### [WORK TO BE COMPLETED]
In the records below, take the line with "Plastic Pony Beads" and all lines after it, and copy them exactly, pictures excluded.

### [SUPPLIED ENTRIES]
--------

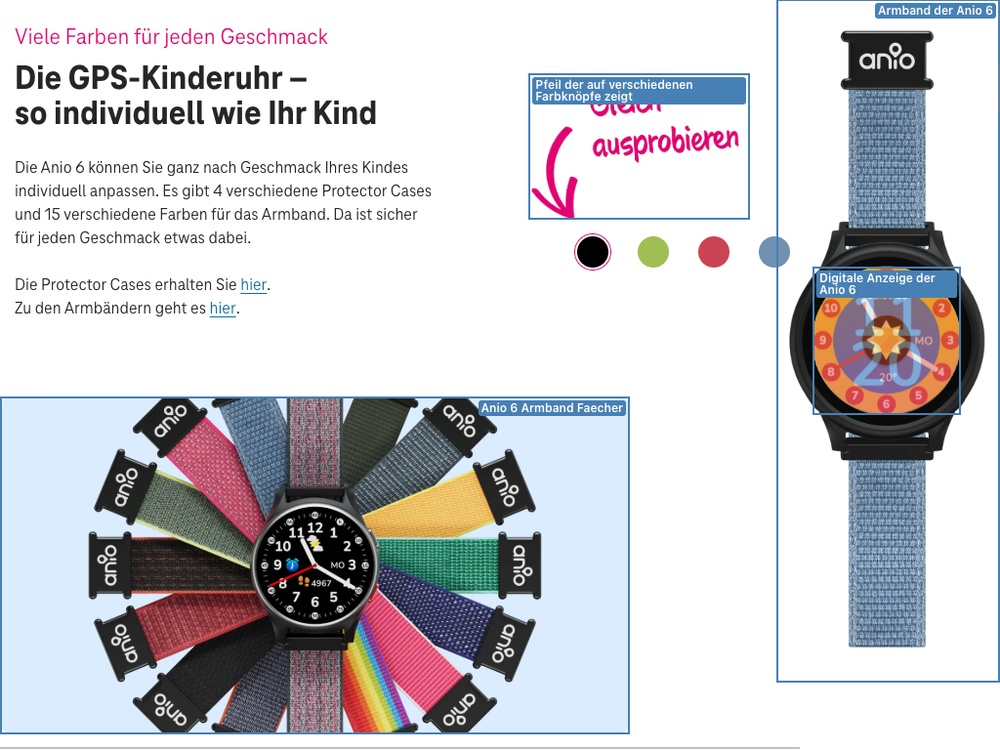 Screenshot for issue: Image(s) &quot;Die GPS-Kinderuhr – so individuell wie Ihr Kind&quot; do not have purpose equivalent text alternatives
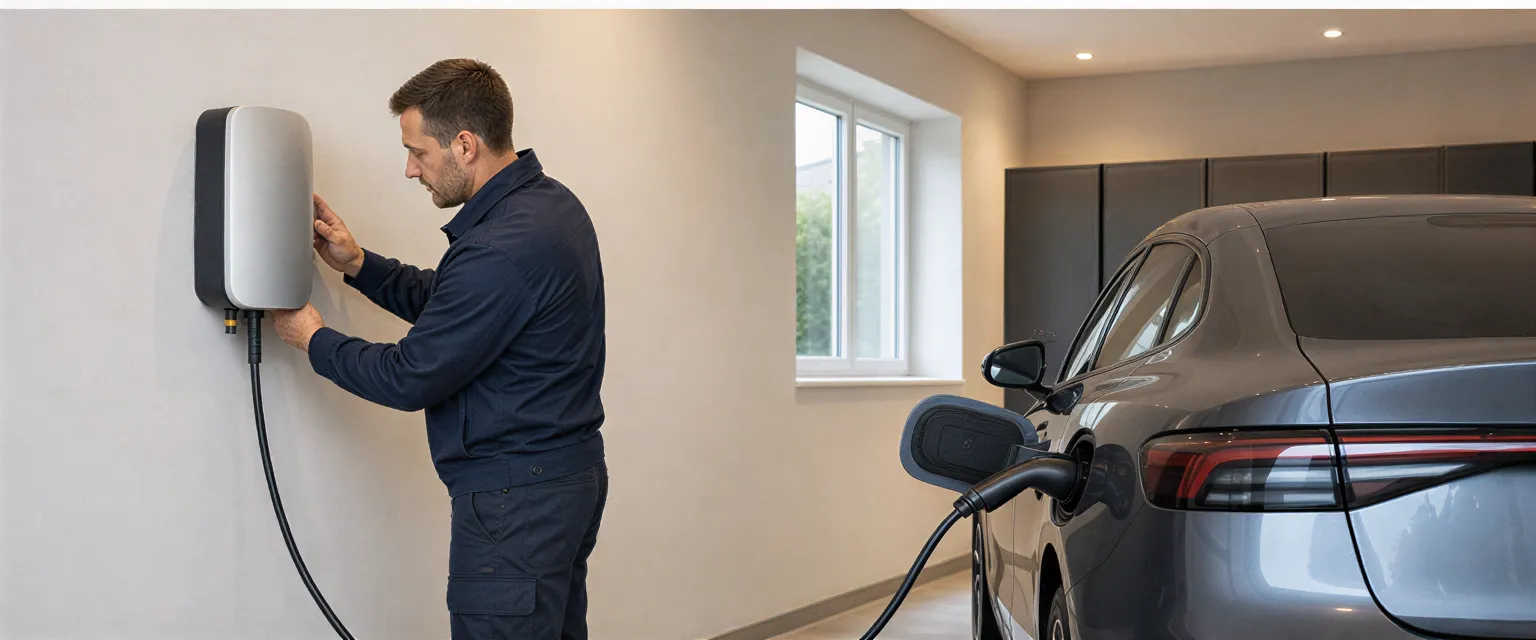 Ein Elektriker installiert eine moderne Wallbox-Ladestation an einer weißen Garagenwand neben einem Elektroauto.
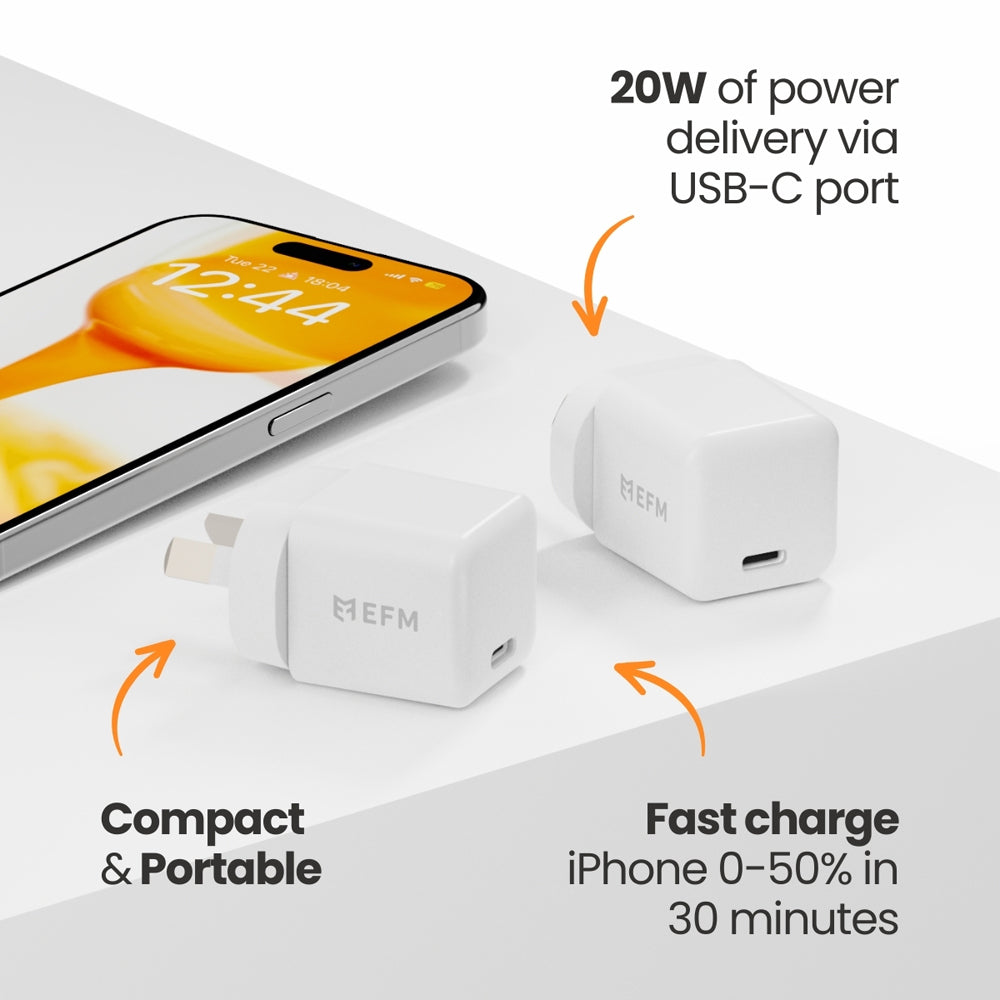 EFM Eco 20w Dual USB-C Port Wall Mobile Charger White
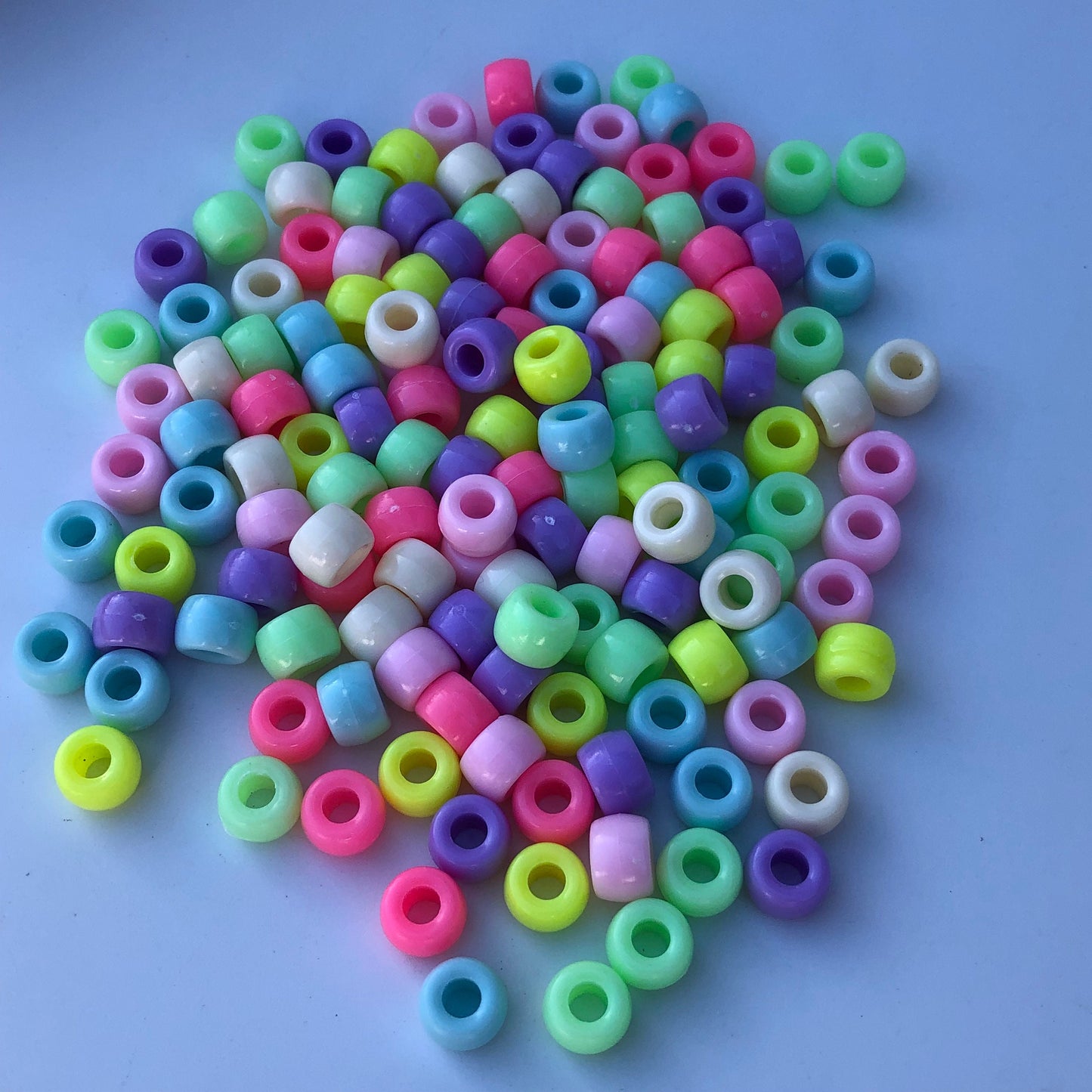 Plastic Pony Beads 9x6mm Mixed Pastel Colour Bead Kids Craft Bead 3.8mm Hole 100pcs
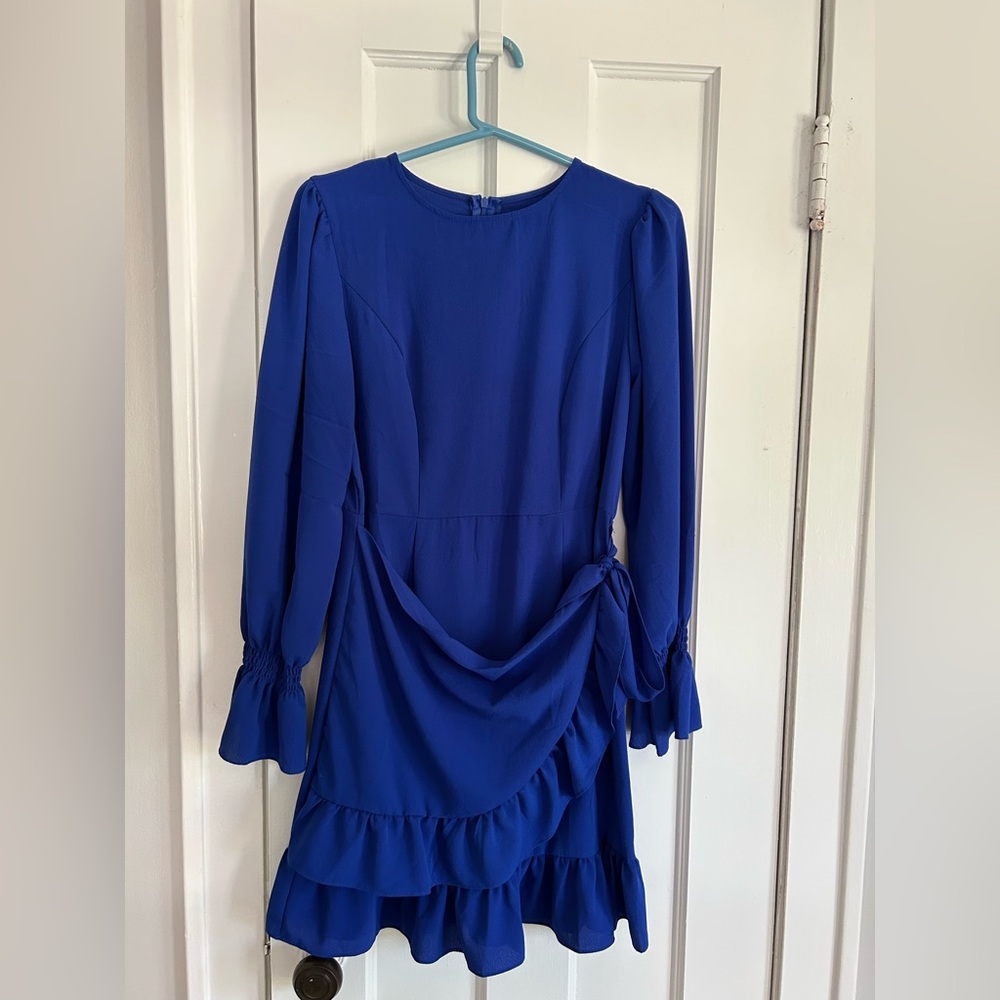Blue Long-Sleeve Ruffle Wrap Dress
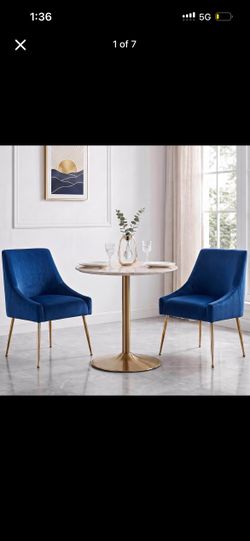 Blue Velvet Dining Chairs (2 pcs)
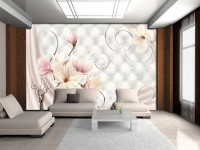 Флізелінові фото шпалери 368x254 см Квіти магнолії та стьобаний візерунок (3274V8)+клей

--------

### [SOLUTION TO THIS EXERCISE]
 Plastic Pony Beads 9x6mm Mixed Pastel Colour Bead Kids Craft Bead 3.8mm Hole 100pcs
Blue Long-Sleeve Ruffle Wrap Dress
 Blue Velvet Dining Chairs (2 pcs)
 Флізелінові фото шпалери 368x254 см Квіти магнолії та стьобаний візерунок (3274V8)+клей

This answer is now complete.